Und noch mal: Auch das, was Hans-Peter Friedrich gemacht hat – da gibt es ja wirklich Leute, die sagen, dass das durchaus im Rahmen seiner Ermessensmöglichkeiten gewesen ist. Das wird juristisch unterschiedlich beurteilt. Für mich ist wichtig: der politische Umgang ist das eine. Darüber kann man reden, was im Parlament und zwischen den Koalitionsparteien ist. Und das andere ist ein Verfahren, ein unabhängiges Verfahren einer Justiz, die jeden vor dem Gesetz gleich behandelt, und das sehe ich hier schon auch.

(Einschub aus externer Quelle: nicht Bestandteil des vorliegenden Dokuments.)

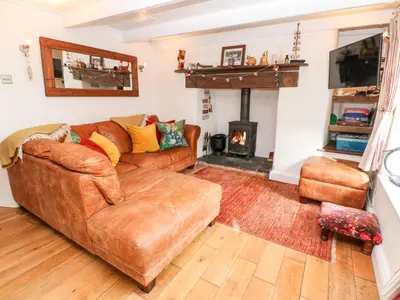 a living room with a couch and a fireplace at Honeysuckle Cottage in St. Agnes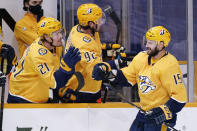 Nashville Predators right wing Brad Richardson (15) is congratulated by Nick Cousins (21) after Richardson scored a goal against the Columbus Blue Jackets in the third period of an NHL hockey game Saturday, Jan. 16, 2021, in Nashville, Tenn. The Predators won 5-2. (AP Photo/Mark Humphrey)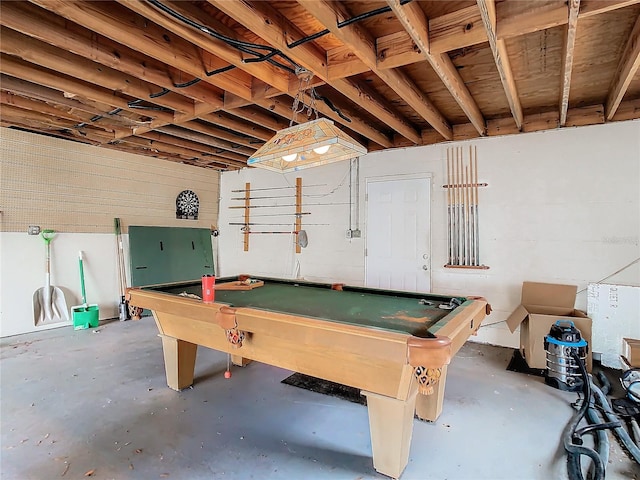 game room with pool table and concrete flooring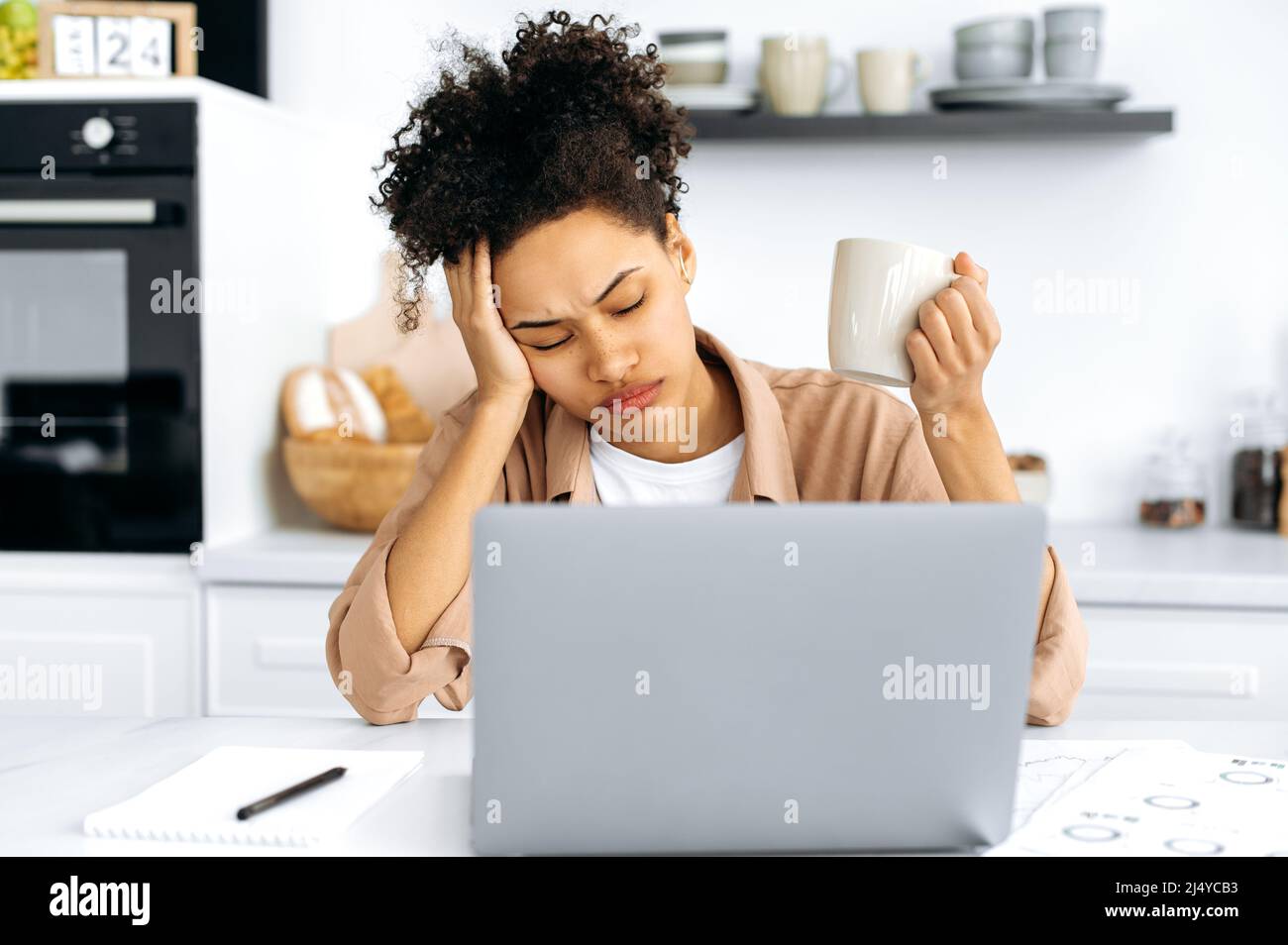Exhausted african american girl, female freelancer or student, working remotely from home, tired of boring online work, suffering from chronic fatigue, overwork, falls asleep at workplace, closed eyes Stock Photo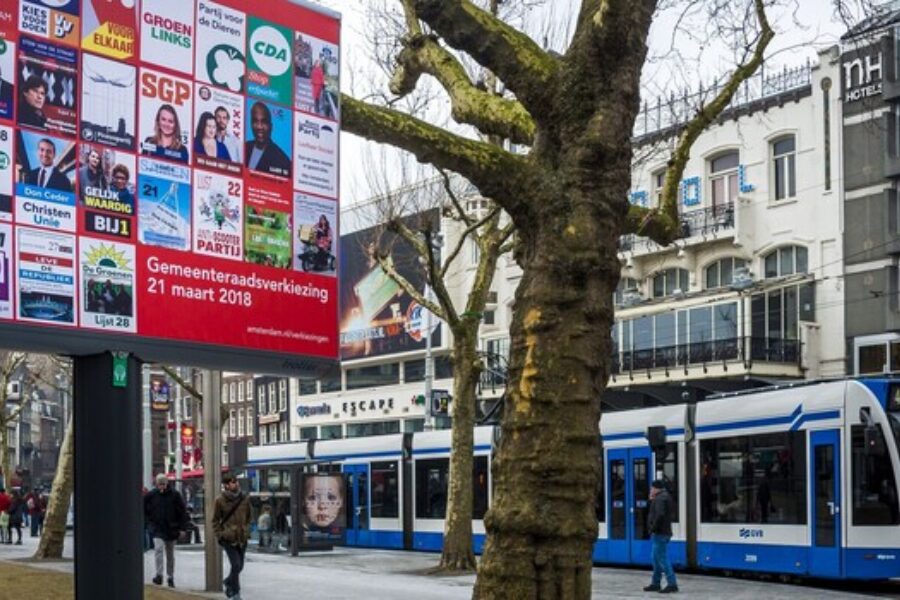 Straatbeeld met campagnebord en voorbijrijdende tram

Barenberg: Milde also gegenüber der eigenen Parteiführung. Auf der anderen Seite gehen Sie jetzt mit aller Härte gegen Ihren Parteifreund Edathy ins Gericht. Einstimmig hat der Vorstand gestern beschlossen, dass seine Rechte als Parteimitglied zunächst ruhen sollen, und dann soll es ein Verfahren, ein förmliches, gegen ihn geben, an dessen Ende möglicherweise der Parteiausschluss stehen könnte. Sind Sie dafür, Edathy aus der Partei zu werfen?
Stegner: Das wird am Ende das Verfahren zeigen. Es muss nur ganz klar sein, dass das doch nicht mit unseren Grundwerten vereinbar ist, wenn man sich Bilder von nackten Kindern und Jugendlichen kauft. Das ist doch nun wirklich ein Verhalten, von dem man sich wirklich nur distanzieren kann. Das kann nicht vereinbar sein mit dem, was wir richtig finden.
Und ich finde im Übrigen: Das ist natürlich das Thema, um das es im wesentlichen geht. Es geht hier um Kinder, die betroffen sind, um deren Schutzrechte, und deswegen müssen die Verfahren auch unabhängig stattfinden. Und die Frage, wer nun im Parlament wann was richtig gesagt hat, das klären Parlamente. Aber im Vergleich zu dem, worum es in der Sache eigentlich geht, finde ich, ist das etwas, womit man zwischen Parteien ja wirklich zurechtkommen kann.
Barenberg: Ralf Stegner, der Chef der Sozialdemokraten in Schleswig-Holstein und stellvertretender Bundesvorsitzender. Danke für das Gespräch.
Stegner: Sehr gerne. Tschüss, Herr Barenberg.